Take the entries below and print only the lines from the one with "ANY 村上 コーディネート画像" through the one with "ЗУБР КТР-45, №3, 2″, 560", exactly as they stand, both ends included.

[Extracted data Boundary: Start]

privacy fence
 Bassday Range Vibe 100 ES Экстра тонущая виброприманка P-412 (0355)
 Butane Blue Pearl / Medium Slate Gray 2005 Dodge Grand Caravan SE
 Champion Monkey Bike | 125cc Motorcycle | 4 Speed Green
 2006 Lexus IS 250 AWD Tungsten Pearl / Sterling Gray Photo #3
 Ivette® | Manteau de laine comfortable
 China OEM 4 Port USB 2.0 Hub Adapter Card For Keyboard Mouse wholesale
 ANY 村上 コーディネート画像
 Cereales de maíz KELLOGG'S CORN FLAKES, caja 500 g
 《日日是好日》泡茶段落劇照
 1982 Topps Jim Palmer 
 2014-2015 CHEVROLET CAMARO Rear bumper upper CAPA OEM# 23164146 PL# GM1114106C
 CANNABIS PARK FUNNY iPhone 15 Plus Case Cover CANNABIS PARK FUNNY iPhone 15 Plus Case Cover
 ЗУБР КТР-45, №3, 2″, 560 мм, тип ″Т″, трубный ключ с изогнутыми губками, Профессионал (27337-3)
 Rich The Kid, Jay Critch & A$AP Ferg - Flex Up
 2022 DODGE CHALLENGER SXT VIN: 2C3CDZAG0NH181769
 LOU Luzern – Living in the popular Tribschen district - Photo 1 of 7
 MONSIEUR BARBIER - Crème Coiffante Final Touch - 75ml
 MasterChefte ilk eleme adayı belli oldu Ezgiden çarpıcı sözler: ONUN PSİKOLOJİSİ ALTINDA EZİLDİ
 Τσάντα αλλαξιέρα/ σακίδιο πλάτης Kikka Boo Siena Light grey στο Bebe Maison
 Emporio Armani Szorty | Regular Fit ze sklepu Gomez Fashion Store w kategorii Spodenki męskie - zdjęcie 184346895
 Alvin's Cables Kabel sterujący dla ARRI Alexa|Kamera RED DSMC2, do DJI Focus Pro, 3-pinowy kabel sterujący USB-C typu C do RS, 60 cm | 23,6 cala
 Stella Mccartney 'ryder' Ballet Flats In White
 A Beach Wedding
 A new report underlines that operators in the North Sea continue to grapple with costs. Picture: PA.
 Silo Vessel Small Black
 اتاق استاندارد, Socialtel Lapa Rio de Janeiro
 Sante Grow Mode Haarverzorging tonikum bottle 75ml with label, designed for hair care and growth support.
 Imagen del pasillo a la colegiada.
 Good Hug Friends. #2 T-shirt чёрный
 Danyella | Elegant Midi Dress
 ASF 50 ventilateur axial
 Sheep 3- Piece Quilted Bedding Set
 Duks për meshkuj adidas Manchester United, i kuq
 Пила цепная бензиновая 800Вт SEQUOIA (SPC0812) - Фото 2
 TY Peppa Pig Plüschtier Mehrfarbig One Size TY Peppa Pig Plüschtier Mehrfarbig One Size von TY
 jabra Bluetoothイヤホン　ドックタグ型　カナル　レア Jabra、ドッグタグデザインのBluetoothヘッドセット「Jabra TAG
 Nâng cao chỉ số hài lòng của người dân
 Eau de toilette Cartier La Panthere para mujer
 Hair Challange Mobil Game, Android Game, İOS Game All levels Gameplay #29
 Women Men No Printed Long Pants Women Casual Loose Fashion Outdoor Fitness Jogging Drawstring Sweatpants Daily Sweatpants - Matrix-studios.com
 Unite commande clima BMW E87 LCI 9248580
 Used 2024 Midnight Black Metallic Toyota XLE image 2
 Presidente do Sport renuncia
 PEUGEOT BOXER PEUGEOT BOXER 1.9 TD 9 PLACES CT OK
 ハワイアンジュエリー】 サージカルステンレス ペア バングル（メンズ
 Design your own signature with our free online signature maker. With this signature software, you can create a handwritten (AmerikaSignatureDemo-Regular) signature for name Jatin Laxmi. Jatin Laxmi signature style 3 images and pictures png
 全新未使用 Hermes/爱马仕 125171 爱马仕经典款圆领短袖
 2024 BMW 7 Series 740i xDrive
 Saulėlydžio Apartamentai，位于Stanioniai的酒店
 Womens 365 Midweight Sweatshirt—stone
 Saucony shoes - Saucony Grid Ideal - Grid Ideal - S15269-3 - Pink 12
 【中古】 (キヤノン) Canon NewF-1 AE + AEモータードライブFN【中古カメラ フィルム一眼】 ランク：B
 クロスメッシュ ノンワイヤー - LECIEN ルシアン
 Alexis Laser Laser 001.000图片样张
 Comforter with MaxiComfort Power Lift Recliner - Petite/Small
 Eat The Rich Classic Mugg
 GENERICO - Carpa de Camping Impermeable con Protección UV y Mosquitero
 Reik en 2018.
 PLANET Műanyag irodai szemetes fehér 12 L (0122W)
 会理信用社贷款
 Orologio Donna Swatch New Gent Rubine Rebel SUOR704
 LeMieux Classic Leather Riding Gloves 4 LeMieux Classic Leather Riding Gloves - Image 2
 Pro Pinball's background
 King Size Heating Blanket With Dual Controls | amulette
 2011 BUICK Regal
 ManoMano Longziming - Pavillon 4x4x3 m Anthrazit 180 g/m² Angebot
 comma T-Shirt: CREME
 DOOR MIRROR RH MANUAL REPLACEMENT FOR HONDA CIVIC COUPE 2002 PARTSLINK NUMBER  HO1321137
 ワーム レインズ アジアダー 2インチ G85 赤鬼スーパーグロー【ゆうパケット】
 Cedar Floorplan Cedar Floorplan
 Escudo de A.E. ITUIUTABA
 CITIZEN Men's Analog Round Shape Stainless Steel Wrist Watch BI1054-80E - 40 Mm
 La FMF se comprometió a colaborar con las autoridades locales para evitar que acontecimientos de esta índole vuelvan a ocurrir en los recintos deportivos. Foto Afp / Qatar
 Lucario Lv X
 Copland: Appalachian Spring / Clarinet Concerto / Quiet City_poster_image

[Extracted data Boundary: End]

* _Task response_
 ANY 村上 コーディネート画像
 Cereales de maíz KELLOGG'S CORN FLAKES, caja 500 g
 《日日是好日》泡茶段落劇照
 1982 Topps Jim Palmer 
 2014-2015 CHEVROLET CAMARO Rear bumper upper CAPA OEM# 23164146 PL# GM1114106C
 CANNABIS PARK FUNNY iPhone 15 Plus Case Cover CANNABIS PARK FUNNY iPhone 15 Plus Case Cover
 ЗУБР КТР-45, №3, 2″, 560 мм, тип ″Т″, трубный ключ с изогнутыми губками, Профессионал (27337-3)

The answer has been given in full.